WIND INSTRUMENTS.
Too Long; Didn't Read
Longitudinal vibration—Columns of air—Resonance of columns of air—Length and tone—The open pipe—The overtones of an open pipe—Where overtones are used—The arrangement of the pipes and pedals—Separate sound-boards—Varieties of stops—Tuning pipes and reeds—The bellows—Electric and pneumatic actions—The largest organ in the world—Human reeds.
LONGITUDINAL VIBRATION.
IN stringed instruments we are concerned only with the transverse vibrations of a string—that is, its movements in a direction at right angles to the axis of the string. A string can also vibrate longitudinally—that is, in the direction of its axis—as may be proved by drawing a piece of resined leather along a violin string. In this case the harmonics "step up" at the same rate as when the movements were transverse.

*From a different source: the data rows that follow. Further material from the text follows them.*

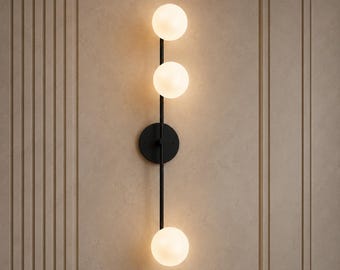 Puede incluir: Aplique de pared moderno con estructura de metal negro y tres bombillas esféricas de vidrio esmerilado. El aplique está montado en una pared beige con paneles verticales, creando un diseño minimalista y elegante.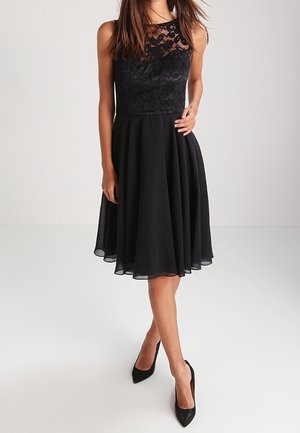 Femme portant une robe noire sans manches avec un corsage en dentelle et une jupe évasée, associée à des talons noirs pointus, debout avec une main sur la taille.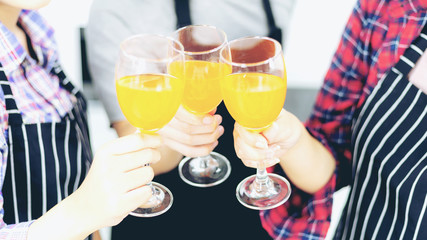 Three friends Enjoying Party glass , drinking orange juice cocktail together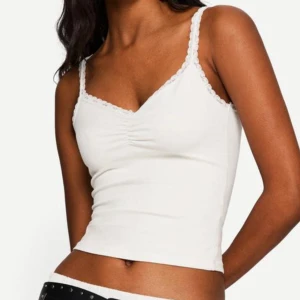 Vit  linnetopp med spetskant - Supersöt vit linnetopp med smala axelband och spetskant längs ringningen. Toppen har en lätt rynkning vid bysten och är croppad i modellen. Perfekt att styla med jeans eller kjol för en fräsch look.💕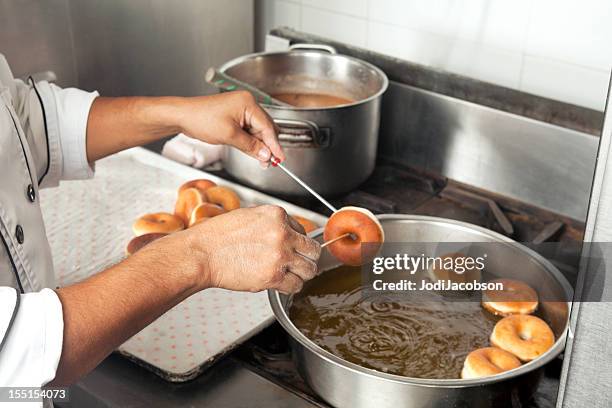 frying donuts - fried dough stock pictures, royalty-free photos & images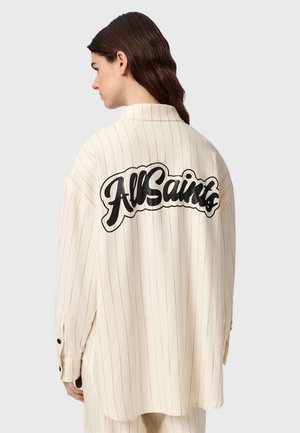 Vrouw met bruin haar die een loszittend crèmekleurig gestreept overhemd draagt met "AllSaints" in grote zwarte letters op de achterkant, met haar rug naar de kijker toe.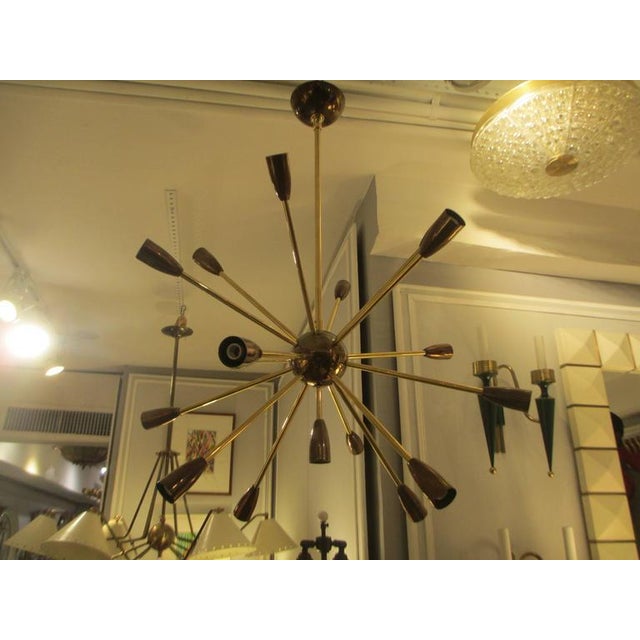 Bespoke Brass and copper sputnik chandelier with 14 arms.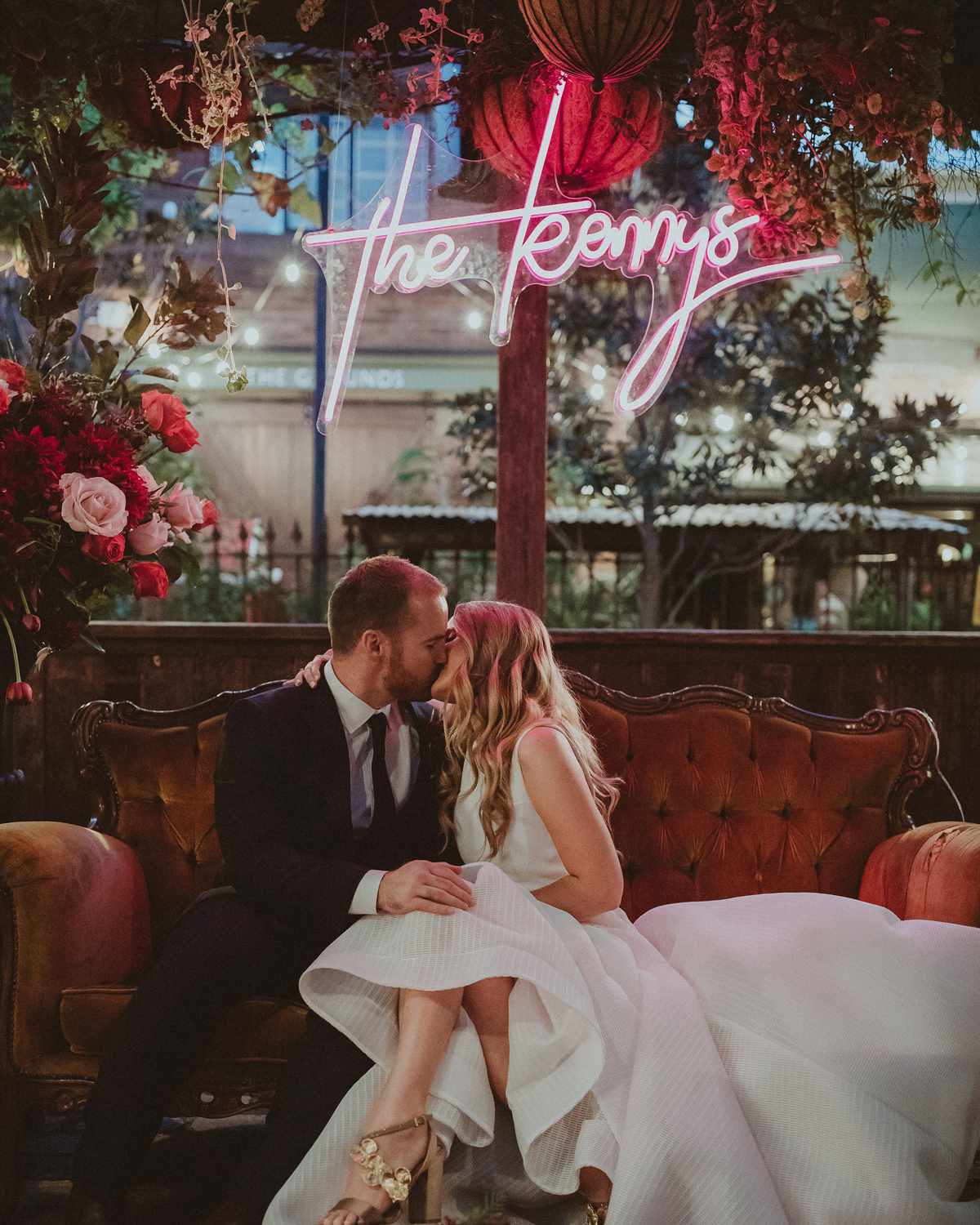 wedding after party bride and groom kissing on couch beneath neon sign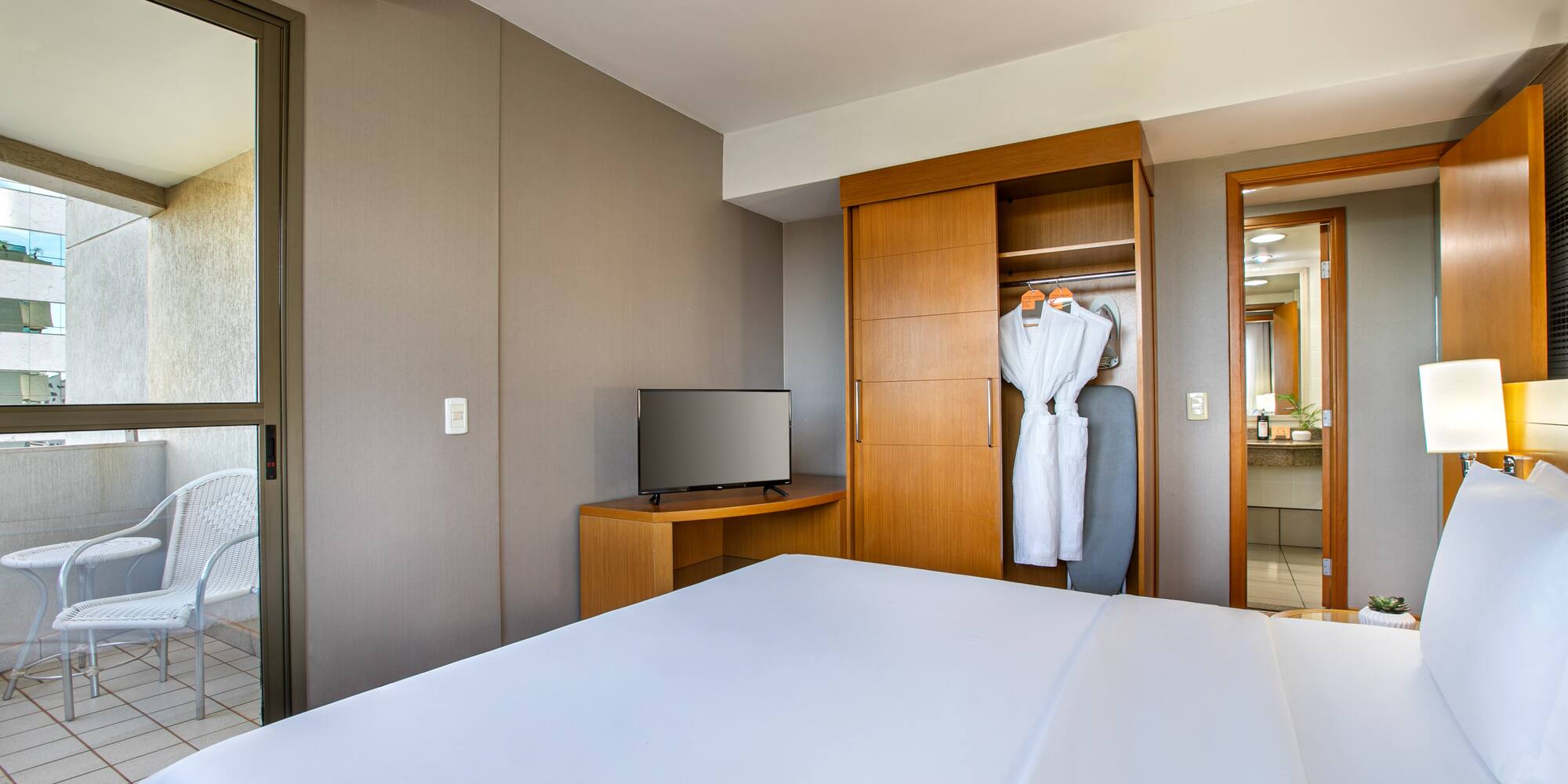 Modern hotel room with bed, TV, open closet, and balcony.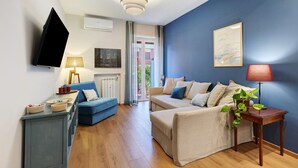Ein modernes Wohnzimmer mit blauer Akzentwand, einem Flachbildfernseher, einem Sofa, einem Couchtisch und einem Beistelltisch mit einer Pflanze.
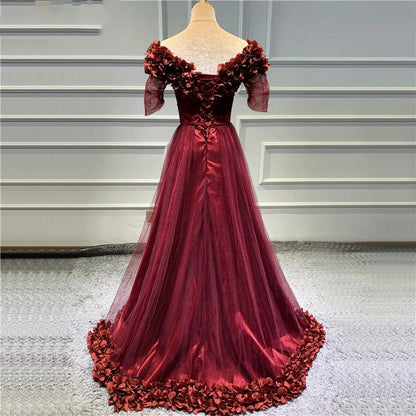 Vestido de fiesta largo color granate con hombros descubiertos y mangas cortas con abertura 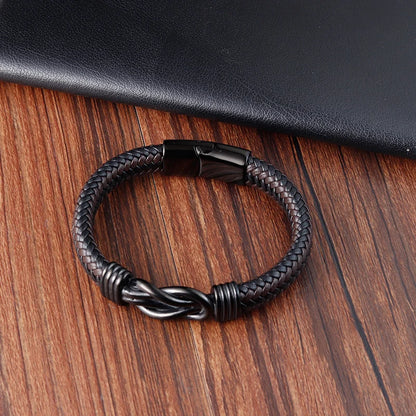 Black braided leather bracelet on a wooden surface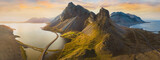 Fototapeta Natura - beautiful scenic road in Iceland, nature landscape aerial panorama, spectacular mountains and coast with sunset light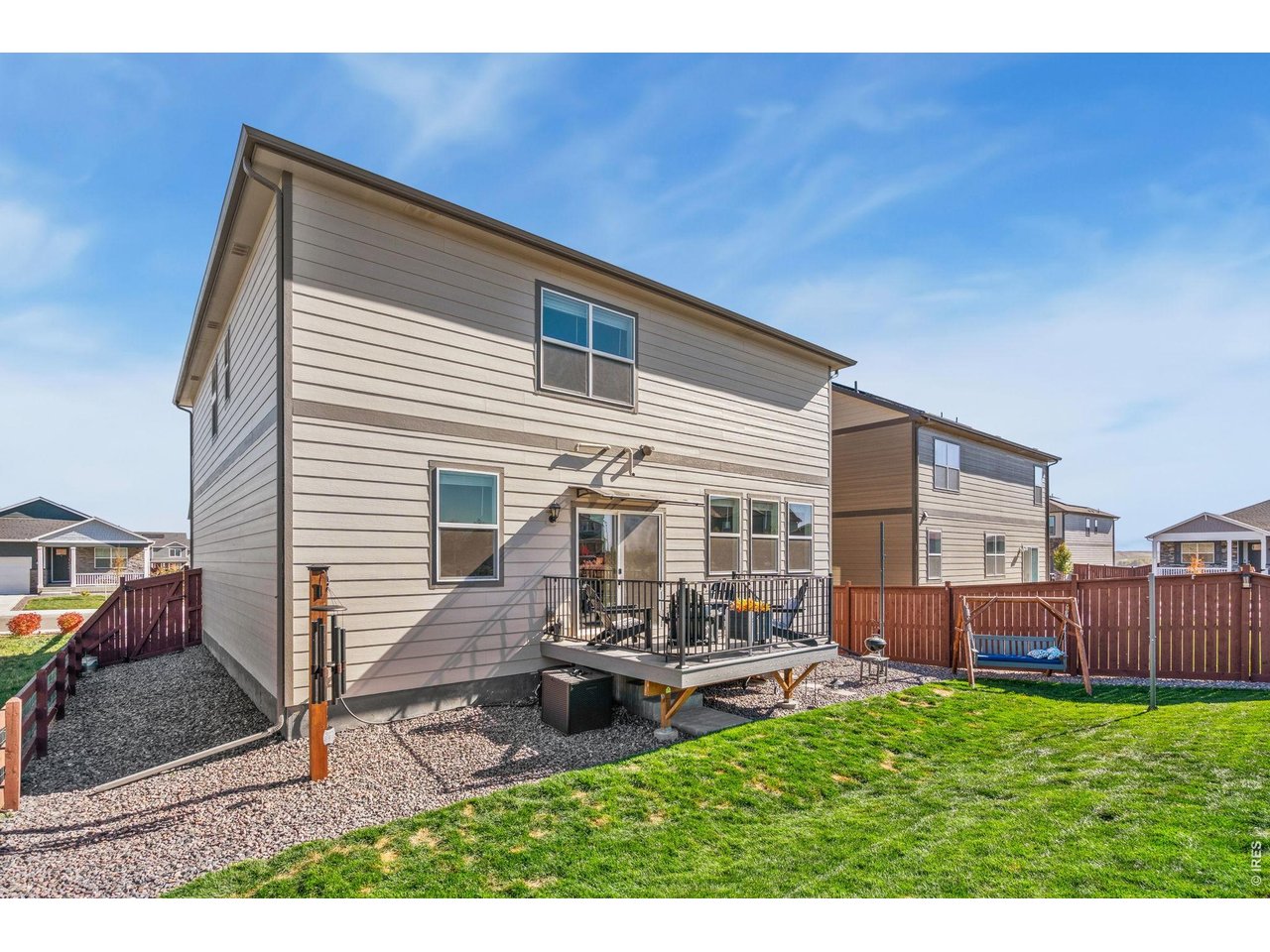 438 Bluebird Road Johnstown, CO 80534 - Photo 31 of 33 Backyard Deck (outdoor swing included)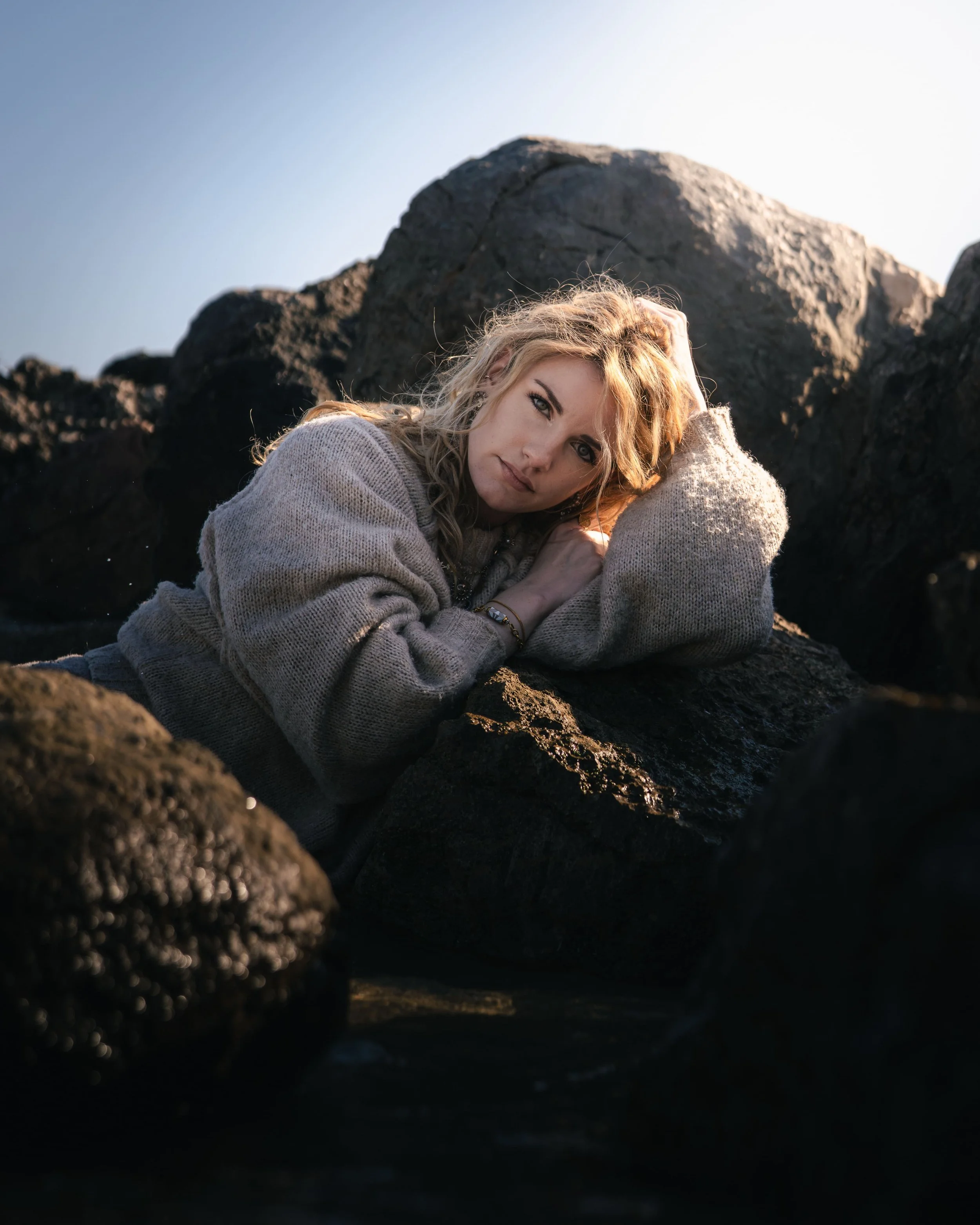 Jeune femme blonde allongée sur des rochers, portant un pull gris, dans un paysage rocheux au soleil levant ou couchant.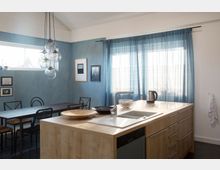 Eine moderne Küche mit Kochinsel aus Holz, Spüle und Wasserhahn im Vordergrund. Im Hintergrund befinden sich ein Esstisch mit schwarzen Stühlen, blaue Vorhänge an großen Fenstern und eine blaue Wand mit gerahmten Bildern.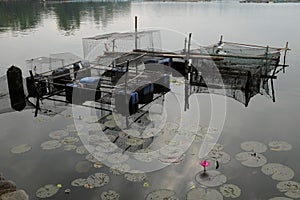 Floating fishpen or fish cage in Sampaloc Lake in San Pablo City, Laguna, Philippines. photo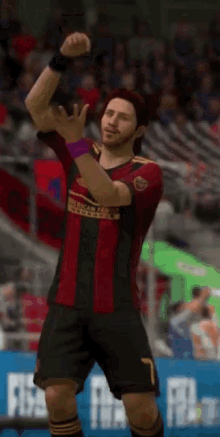 a soccer player in a red and black uniform with the number 7 on his shorts
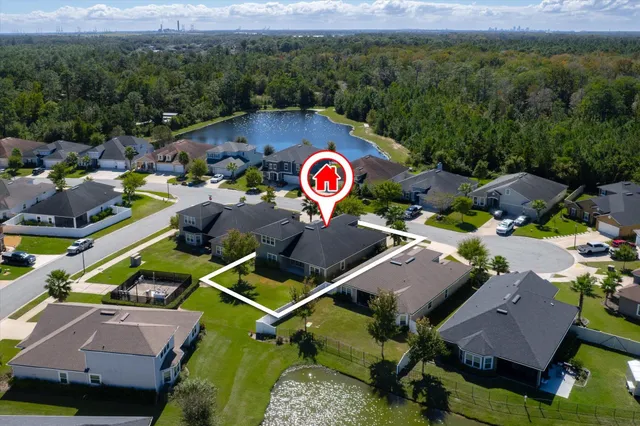 an aerial view of residential house with outdoor space and swimming pool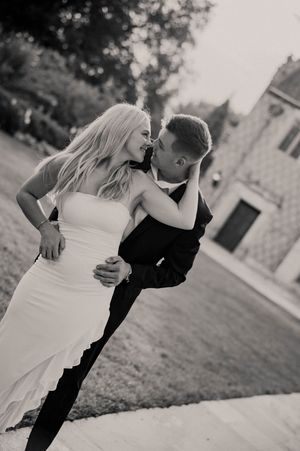 Black and white photo of a couple in wedding attire sharing a romantic dip and kiss outdoors.
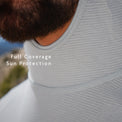 Gray - view of a person wearing a sun protection shirt, showing the neck and upper chest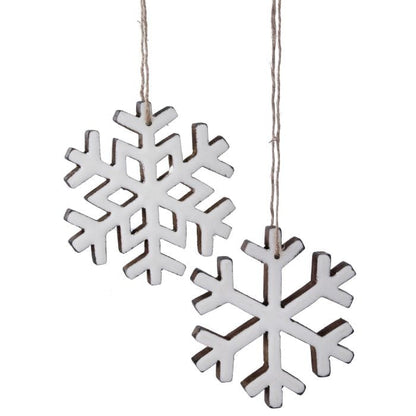 Two white enamel-coated wooden snowflake ornaments hanging from natural twine strings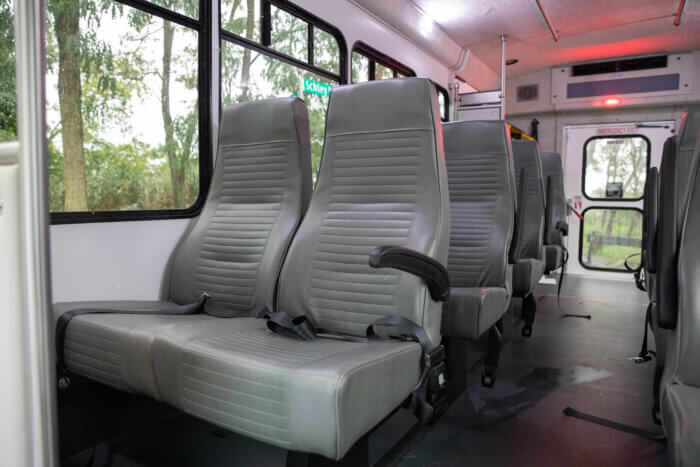 the interior of the bus, showing grey cushioned seats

Let us substitute for a wire a stout bar of metal fixed at one end only. The longitudinal vibrations of this rod contain overtones of a different ratio. The first harmonic is not an octave, but a twelfth. While a tensioned string is divided by nodes into two, three, four, five, six, etc., parts, a rod fixed at one end only is capable of producing only those harmonics which correspond to division into three, five, seven, nine, etc., parts. Therefore a free-end rod and a wire of the same fundamental note would not have the same timbre, or quality, owing to the difference in the harmonics.
COLUMNS OF AIR.
In wind instruments we employ, instead of rods or wires, columns of air as the vibrating medium. The note of the column depends on its length. In the "penny whistle," flute, clarionet, and piccolo the length of the column is altered by closing or opening apertures in the substance encircling the column.